__What you have to do__. Type the records out again in full, exactly.

··· Material supplied ···

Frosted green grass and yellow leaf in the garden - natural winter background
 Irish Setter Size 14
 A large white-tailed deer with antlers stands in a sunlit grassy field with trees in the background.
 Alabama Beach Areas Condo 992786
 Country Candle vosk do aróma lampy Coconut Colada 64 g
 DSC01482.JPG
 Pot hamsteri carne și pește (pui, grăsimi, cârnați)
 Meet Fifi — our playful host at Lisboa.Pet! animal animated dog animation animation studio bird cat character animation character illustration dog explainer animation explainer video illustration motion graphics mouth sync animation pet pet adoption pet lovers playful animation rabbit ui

···

__Exercise answer__.
Frosted green grass and yellow leaf in the garden - natural winter background
 Irish Setter Size 14
 A large white-tailed deer with antlers stands in a sunlit grassy field with trees in the background.
 Alabama Beach Areas Condo 992786
 Country Candle vosk do aróma lampy Coconut Colada 64 g
 DSC01482.JPG
 Pot hamsteri carne și pește (pui, grăsimi, cârnați)
 Meet Fifi — our playful host at Lisboa.Pet! animal animated dog animation animation studio bird cat character animation character illustration dog explainer animation explainer video illustration motion graphics mouth sync animation pet pet adoption pet lovers playful animation rabbit ui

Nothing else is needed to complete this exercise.